> **Activity**
Once you find the line containing "7235 River Hammock", set down exactly that line and every one after it through the end of the listing below, with both ends included and any pictures omitted.
[[ Dataset extract, beginning ]]
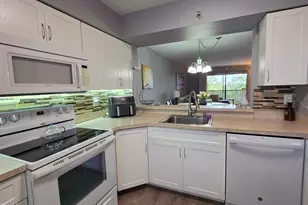 2206 S Cypress Bend Dr, Pompano Beach, FL 33069 - Photo 2
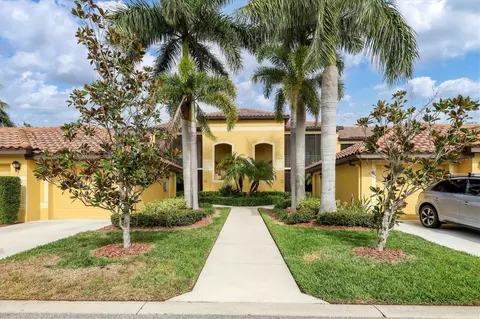 7235 River Hammock Dr #202, Bradenton, FL 34212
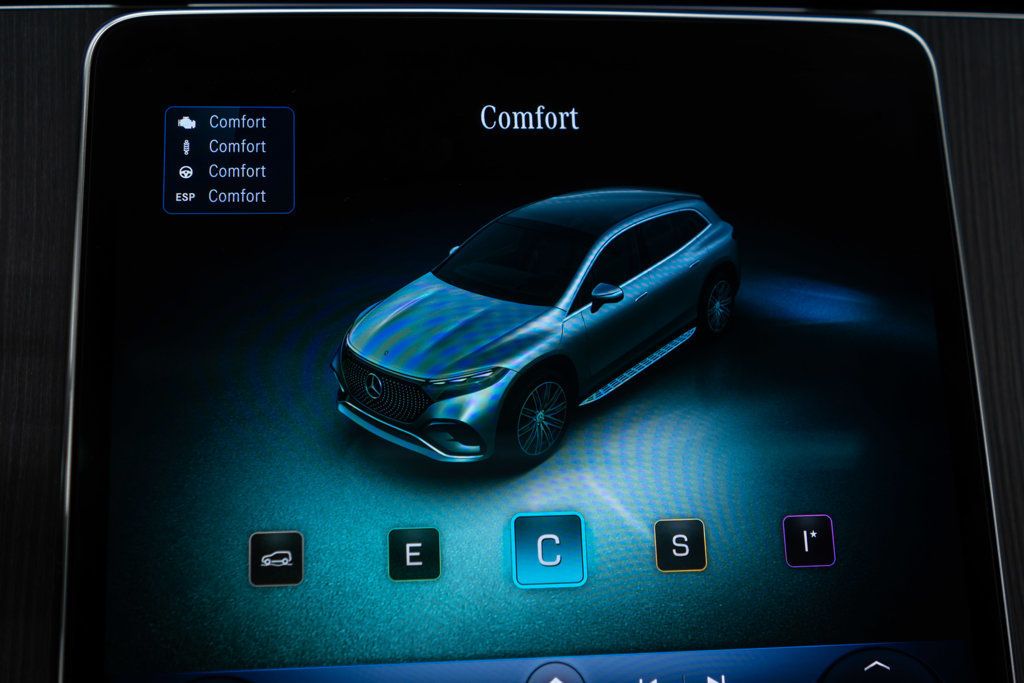 Mercedes-Benz EQS 450+ photo 23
[[ Dataset extract, end ]]
> **Solution to the exercise**
 7235 River Hammock Dr #202, Bradenton, FL 34212
 Mercedes-Benz EQS 450+ photo 23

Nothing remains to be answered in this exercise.